However, despite these agreements, why is it that liberalism has become a taboo word in theological circles? From being a virtue that served the humane cause of reasonableness in the Christian enterprise, how is it that liberalism is now considered to be either, at best, a quaint leftover from a former era that had lost its way or, at worst, a sign of satanic power that infiltrates the sacred realm of holy church? Part of the answer to this stems from critiques that have pointed out liberalism’s shortcomings, and part derives from the tide of dogged conservatism that has been ideologically opposed to liberalism since its inception.
Let me now mention three strands within the critique of the liberal outlook, before turning to extol liberalism’s abiding achievements. First, liberalism has been associated with the rationalism of the Enlightenment period in European history, an outlook that considered the universe to be a closed system and in principle capable of all-encompassing explanation. Following the autonomy of reason in this fashion would lead to the redundancy and then even the demise of God, which is what some nineteenth century philosophers eventually pronounced. It also tends towards a dualistic split between mind and body, thus creating the philosophical conditions for the human neglect of the flesh and the domination of nature. Or, from a different perspective, liberalism is sometimes accused of being a pastime of the middle classes, who seem more often preoccupied with interpreting reality than with transforming it (as Karl Marx complained about Christianity’s dalliance with the bourgeoisie). More recently, some philosophers have said that we are shaped in essence by language and as language cannot escape its history the assumption of liberalism that we are not hidebound by our history is naïve.
My own view is that these accusations generally overplay their hand. But they reveal why liberalism is treated suspiciously. Let me briefly comment on each objection in turn:
1) It is true that critical thinking cannot lead us to a total understanding of the whole of reality. Liberalism at its best, however, has the more modest aim of reflecting on how all our ideas and beliefs about God, human destiny and the nature of the world are limited by many factors. A quick glance at Christian history shows this to be the case. Beliefs have changed, shifted and developed according to the knowledge and assumptions of particular periods. For liberals, this is a virtue and not something to agonise over.
2) It is true that liberalism has mainly been allied to the educated classes and those classes who first benefited from modern democracy. If liberal theology offers no critique of the status quo in society and church then indeed it is lamentable as a Christian outlook. However, the liberal principle of critical humane understanding is surely an aid and not a hindrance to transformation. As it is, much transformation has come about through the application of critical thinking. I have already mentioned the example of democracy and human rights. In this sense, liberalism has the potential to be the servant of our liberation. (I say this whilst also admiring the critique of oppressive structures in society that has emanated from Christian orthodoxy at its best. In this respect, liberation theology has made its impact and is to be learned from).
3) It is true that Christian theology and experience are imbued with a range of given language – creation, salvation, incarnation etc. However, it seems less clear that language actually determines every aspect of our experience.
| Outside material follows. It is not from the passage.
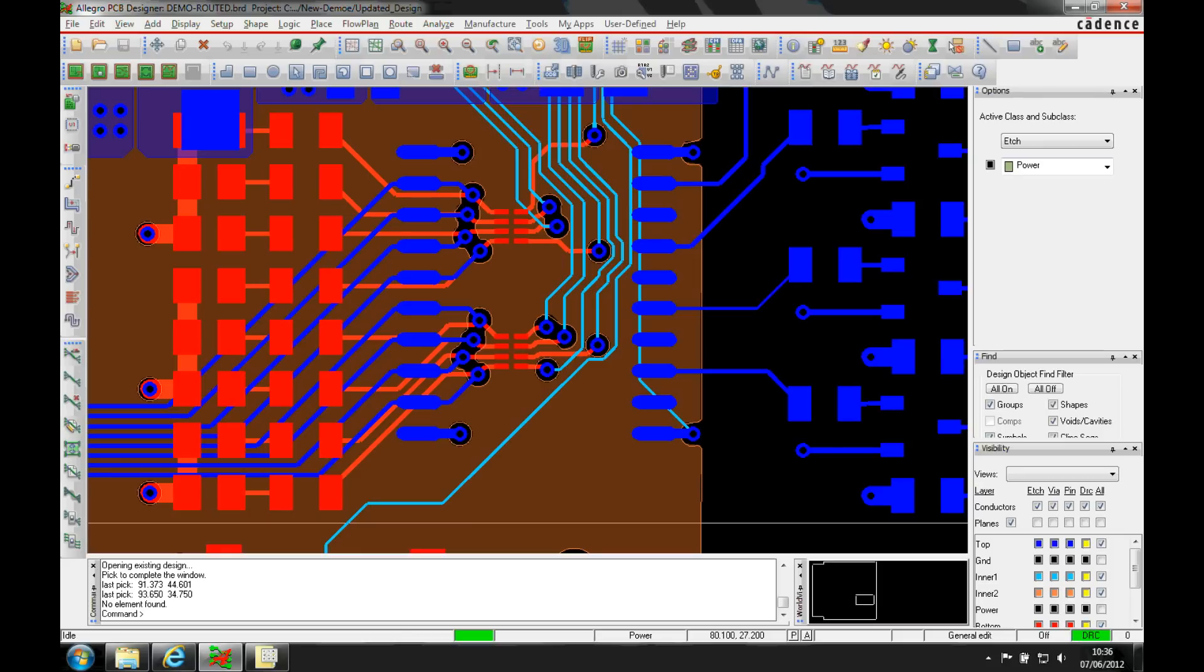This how-to video is going to describe how to change vias in an existing design. You normally set the vias up using the constraint manager to give you the vias that you want to use on a net-by-net basis.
Christian language has identified and named many kinds of Christian experience down the centuries and proved itself to be malleable according to factors of cultural context and interpretation. Tradition has shaped who we are, but tradition could easily be written as a history of innovation rather than imprisonment.
Turning now to a positive statement, let me conclude by highlighting a number of areas in Christian belief and practice where theological liberalism creates a different climate. The first is a frank recognition that the traditional theological scheme which was wedded to a pre-scientific understanding has largely broken down. So the tracing of human origins and destiny as ‘Creation – Fall – Divine Rescue – Consummation’ no longer fits our experience of history or human freedom. Any literal interpretation of biblical history has long been under the superannuation hammer ever since the rise of historical criticism and new knowledge deriving from evolutionary and cosmological theory in the sciences. In general terms, many are inclined now to interpret the ways of God with the world less through a divine interventionist framework than through an analysis of theological thinking as symbolic and interpretative. We live continually in God’s hidden presence which itself is a space of freedom and invitation to a life of self-giving compassion and divine discontent with the structures of violence and domination that destroy the fabric of creation.
My second area for theological liberalism is that it gives a positive welcome to knowledge, insight and value that arise from other disciplines of human enquiry. Perhaps the foremost discipline that has made an impact in this regard is historical enquiry. Liberals have been keen to approach biblical texts and historic milestones such as creeds in terms of the cultural context of their origins. Gospels and Creeds did not arrive ready-made but were the product of many influences. This lends a certain air of inventiveness to our Christian past and opens up possibilities for revision, development and reconfiguration in Christian understanding in the present. In short, faith becomes a dynamic enterprise. Christian beliefs are not there simply to be repeated for the sake of it but are to be lived in and through. If they no longer command intellectual or moral respect then they should be reinterpreted or quietly jettisoned. Who now thinks of the doctrine of the atonement, for example, as a blood sacrifice to appease a wrathful God? Again, liberalism has changed our perceptions. For many Christians today the cross of Jesus stands more as a parable of how God is with the world – bearing its violence, rejection and pain – than as atonement in any usual sense.
My third area perhaps touches more sensitive ground. How do liberal minded clergy and leaders of Christian worship approach their craft when so much of the language of worship seems redolent of the old interventionist framework and a pre-liberal spirit? Part of the answer here must be that we should approach the language of worship more in the spirit of poetry than as theological treatise. It is often the case that the thrust of liturgical worship runs against the grain of this perspective, something that remains true even of recent liturgical developments. However, the liberal kinship with imagination ought to assist us in moving away from liturgy as educational in a didactic sense to liturgy as educational in an evocative sense. In worship we come before the mystery of God not before the mystery of theological propositions! It is lamentable, to me at any rate, that there is still insufficient emphasis in liturgy on a transformative role for Christian commitment now.
My final area where liberalism has helped to create a different climate is in the field of interfaith relations and theology of religions. Liberal theology rejects the notion of Christian exclusivism and superiority as inappropriate and perhaps even harmful for the new plural age that is already dawning. A new theology of dialogue is currently being forged on the anvil of new friendships and new appreciations of the spirituality alive within other religious traditions. Some have even said that the encounter between Christianity and other religions is set to change the theological map (of Christians and of others) beyond all recognition. Traditional Christian absolutism, which interprets Christ as the final saviour of the world, sits uneasily with the parity between religions that is assumed in dialogue and this is the real rub of the challenge of pluralism. Religious studies is healing us of our stereotyped views about other religions; the ethical principle of respect in relationships with our neighbours is demanding that we learn from other religions; dialogue opens the door to further ‘critical communion’ with other religions – critical because dialogue does not mean that anything goes in interreligious dialogue. And self-criticism matters above all else.
In sum, theological liberalism rejoices in the provisional. There is a congruence between the mysterious nature of divine reality itself, the vulnerability of faith as a mode of human discernment, reliance on ways of knowing which stress the imagination, metaphor and perspective, and the readiness to revise Christian understanding. Christian believing can never be a settled affair, and that’s good.
¹ Wilfred Cantwell Smith, Faith and Belief, Princeton, NJ: Princeton University Press, 1979, p. 12.